Apply some basic rocksdb options (#2339)

These options, inspired by Nethermind and general internet wisdom, bring the database size down to 2/3 without affecting throughput. In theory, they should also bring down memory usage and/or make more efficient use of whatever memory is already assigned to rocksdb but this needs verification in a longer test at synced-mainnet sizes. In the meantime, they make testing easier by removing some noise that the profiler says are bad, such as excessive SkipList access (countered by bloom filters).
2025-02-03 07:45:18 +00:00 · 2024-06-12 14:52:27 +02:00 · 2024-06-12 14:52:27 +02:00 · 54f793f946
commit 54f793f946
parent 1b784695d5
2 changed files with 80 additions and 6 deletions
--- a/nimbus/db/aristo/aristo_init/rocks_db/rdb_init.nim
+++ b/nimbus/db/aristo/aristo_init/rocks_db/rdb_init.nim
@ -43,12 +43,49 @@ proc init*(
  except OSError, IOError:
    return err((RdbBeCantCreateDataDir, ""))

-  let
-    cfOpts = defaultColFamilyOptions()
+  # TODO the configuration options below have not been tuned but are rather
+  #      based on gut feeling, guesses and by looking at other clients - it
+  #      would make sense to test different settings and combinations once the
+  #      data model itself has settled down as their optimal values will depend
+  #      on the shape of the data - it'll also be different per column family..
+  let cfOpts = defaultColFamilyOptions()

  if opts.writeBufferSize > 0:
    cfOpts.setWriteBufferSize(opts.writeBufferSize)
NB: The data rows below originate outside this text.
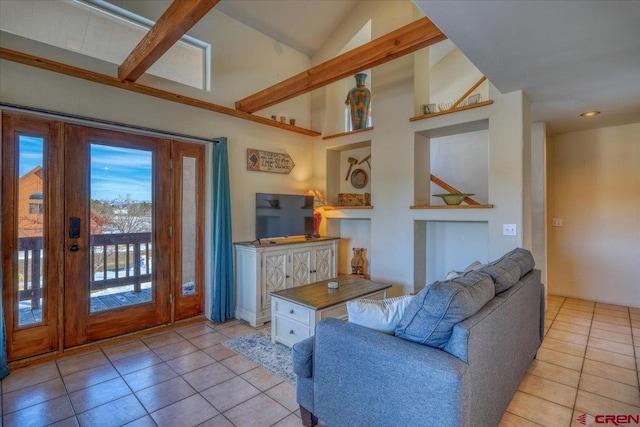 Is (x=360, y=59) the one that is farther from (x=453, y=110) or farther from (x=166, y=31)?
(x=166, y=31)

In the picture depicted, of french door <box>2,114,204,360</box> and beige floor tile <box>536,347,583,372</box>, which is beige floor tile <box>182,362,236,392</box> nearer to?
french door <box>2,114,204,360</box>

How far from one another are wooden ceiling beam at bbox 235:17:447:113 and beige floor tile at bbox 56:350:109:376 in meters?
2.99

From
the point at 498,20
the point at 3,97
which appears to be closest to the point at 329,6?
the point at 498,20

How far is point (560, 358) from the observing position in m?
2.67

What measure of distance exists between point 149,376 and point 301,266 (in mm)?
1990

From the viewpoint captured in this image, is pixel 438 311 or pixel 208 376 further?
pixel 208 376

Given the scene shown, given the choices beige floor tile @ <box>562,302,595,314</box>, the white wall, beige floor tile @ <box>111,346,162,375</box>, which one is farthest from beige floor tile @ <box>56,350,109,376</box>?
the white wall

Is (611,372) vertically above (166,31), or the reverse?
(166,31)

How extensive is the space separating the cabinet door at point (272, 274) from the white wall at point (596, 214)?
3.96 metres

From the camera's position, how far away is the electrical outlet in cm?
302

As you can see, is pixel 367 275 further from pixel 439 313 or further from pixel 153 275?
pixel 439 313

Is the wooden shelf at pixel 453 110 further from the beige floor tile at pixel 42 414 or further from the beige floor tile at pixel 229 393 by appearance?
the beige floor tile at pixel 42 414

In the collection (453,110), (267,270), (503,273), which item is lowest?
(267,270)

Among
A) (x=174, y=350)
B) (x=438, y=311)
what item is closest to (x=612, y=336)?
(x=438, y=311) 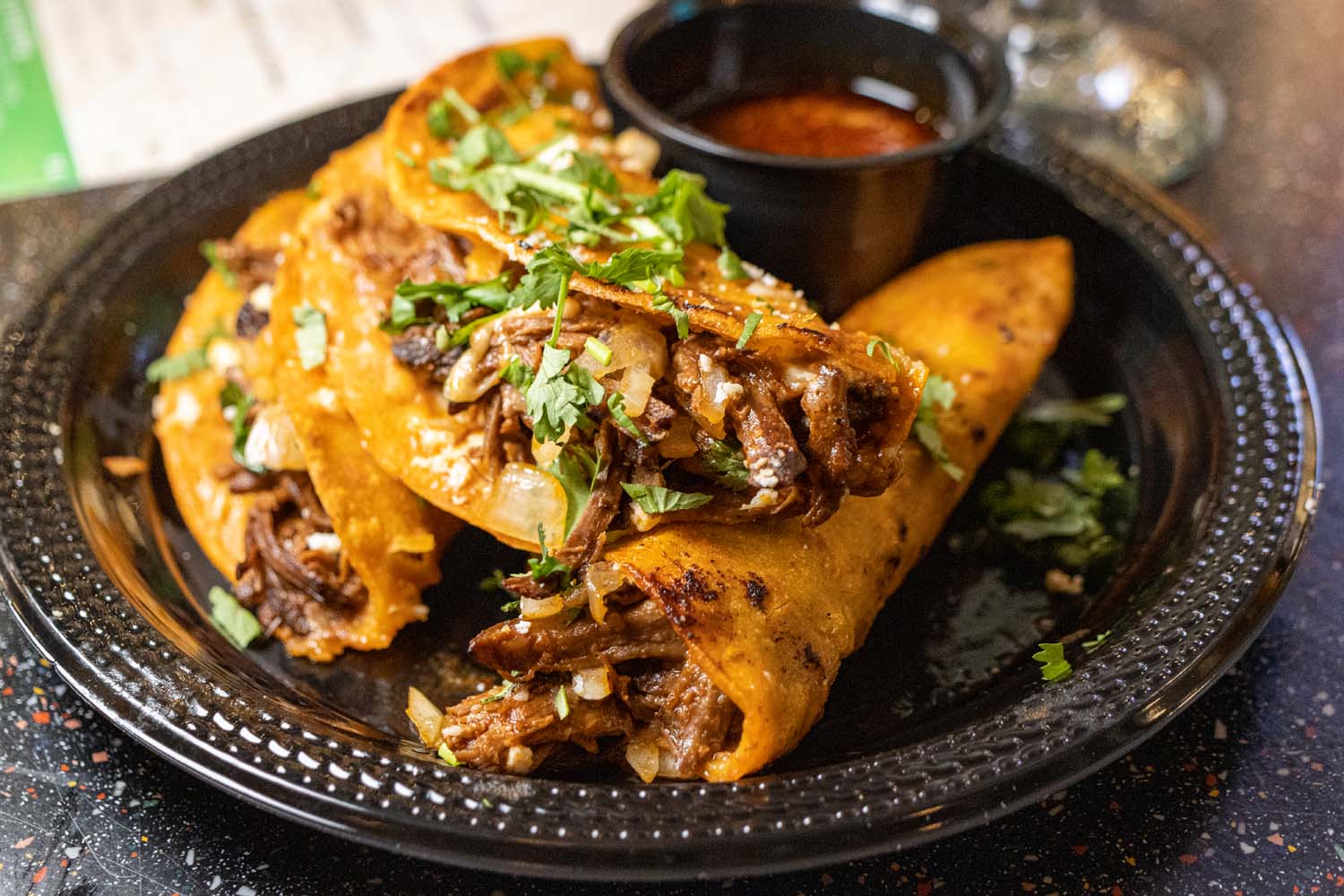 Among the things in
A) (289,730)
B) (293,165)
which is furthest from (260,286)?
(289,730)

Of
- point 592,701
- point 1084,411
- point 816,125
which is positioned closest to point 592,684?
point 592,701

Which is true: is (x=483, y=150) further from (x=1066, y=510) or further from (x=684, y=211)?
(x=1066, y=510)

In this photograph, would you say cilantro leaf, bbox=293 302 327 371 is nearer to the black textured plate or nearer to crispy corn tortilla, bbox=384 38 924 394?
crispy corn tortilla, bbox=384 38 924 394

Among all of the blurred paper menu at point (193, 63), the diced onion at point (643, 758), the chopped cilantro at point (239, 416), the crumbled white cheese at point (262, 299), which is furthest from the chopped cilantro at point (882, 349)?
the blurred paper menu at point (193, 63)

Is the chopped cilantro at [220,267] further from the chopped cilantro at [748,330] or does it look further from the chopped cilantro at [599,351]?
the chopped cilantro at [748,330]

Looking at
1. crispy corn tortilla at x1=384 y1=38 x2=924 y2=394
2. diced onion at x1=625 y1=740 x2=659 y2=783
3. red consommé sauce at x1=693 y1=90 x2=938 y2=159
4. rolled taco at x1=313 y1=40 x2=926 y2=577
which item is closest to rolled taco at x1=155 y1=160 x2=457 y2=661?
rolled taco at x1=313 y1=40 x2=926 y2=577

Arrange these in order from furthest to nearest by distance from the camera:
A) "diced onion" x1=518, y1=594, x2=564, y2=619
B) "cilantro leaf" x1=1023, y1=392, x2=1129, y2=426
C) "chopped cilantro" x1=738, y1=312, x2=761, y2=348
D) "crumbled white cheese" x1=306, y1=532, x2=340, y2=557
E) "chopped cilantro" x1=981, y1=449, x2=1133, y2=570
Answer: "cilantro leaf" x1=1023, y1=392, x2=1129, y2=426 < "chopped cilantro" x1=981, y1=449, x2=1133, y2=570 < "crumbled white cheese" x1=306, y1=532, x2=340, y2=557 < "diced onion" x1=518, y1=594, x2=564, y2=619 < "chopped cilantro" x1=738, y1=312, x2=761, y2=348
+  # Without this option, the WAL might never get flushed since a small column
+  # family (like the admin CF) with only tiny writes might keep it open - this
+  # negatively affects startup times since the WAL is replayed on every startup.
+  # https://github.com/facebook/rocksdb/blob/af50823069818fc127438e39fef91d2486d6e76c/include/rocksdb/options.h#L719
+  # Flushing the oldest
+  let writeBufferSize =
+    if opts.writeBufferSize > 0:
+      opts.writeBufferSize
+    else:
+      64 * 1024 * 1024 # TODO read from rocksdb?
+
+  cfOpts.setMaxTotalWalSize(2 * writeBufferSize)
+
+  # When data is written to rocksdb, it is first put in an in-memory table
+  # whose index is a skip list. Since the mem table holds the most recent data,
+  # all reads must go through this skiplist which results in slow lookups for
+  # already-written data.
+  # We enable a bloom filter on the mem table to avoid this lookup in the cases
+  # where the data is actually on disk already (ie wasn't updated recently).
+  # TODO there's also a hashskiplist that has both a hash index and a skip list
+  #      which maybe could be used - uses more memory, requires a key prefix
+  #      extractor
+  cfOpts.setMemtableWholeKeyFiltering(true)
+  cfOpts.setMemtablePrefixBloomSizeRatio(0.1)
+
+  # LZ4 seems to cut database size to 2/3 roughly, at the time of writing
+  # Using it for the bottom-most level means it applies to 90% of data but
+  # delays compression until data has settled a bit, which seems like a
+  # reasonable tradeoff.
+  # TODO evaluate zstd compression with a trained dictionary
+  # https://github.com/facebook/rocksdb/wiki/Compression
+  cfOpts.setBottommostCompression(Compression.lz4Compression)
+
  let
    cfs = @[initColFamilyDescriptor(AdmCF, cfOpts),
            initColFamilyDescriptor(VtxCF, cfOpts),
@ -60,15 +97,52 @@ proc init*(
  dbOpts.setMaxBytesForLevelBase(opts.writeBufferSize)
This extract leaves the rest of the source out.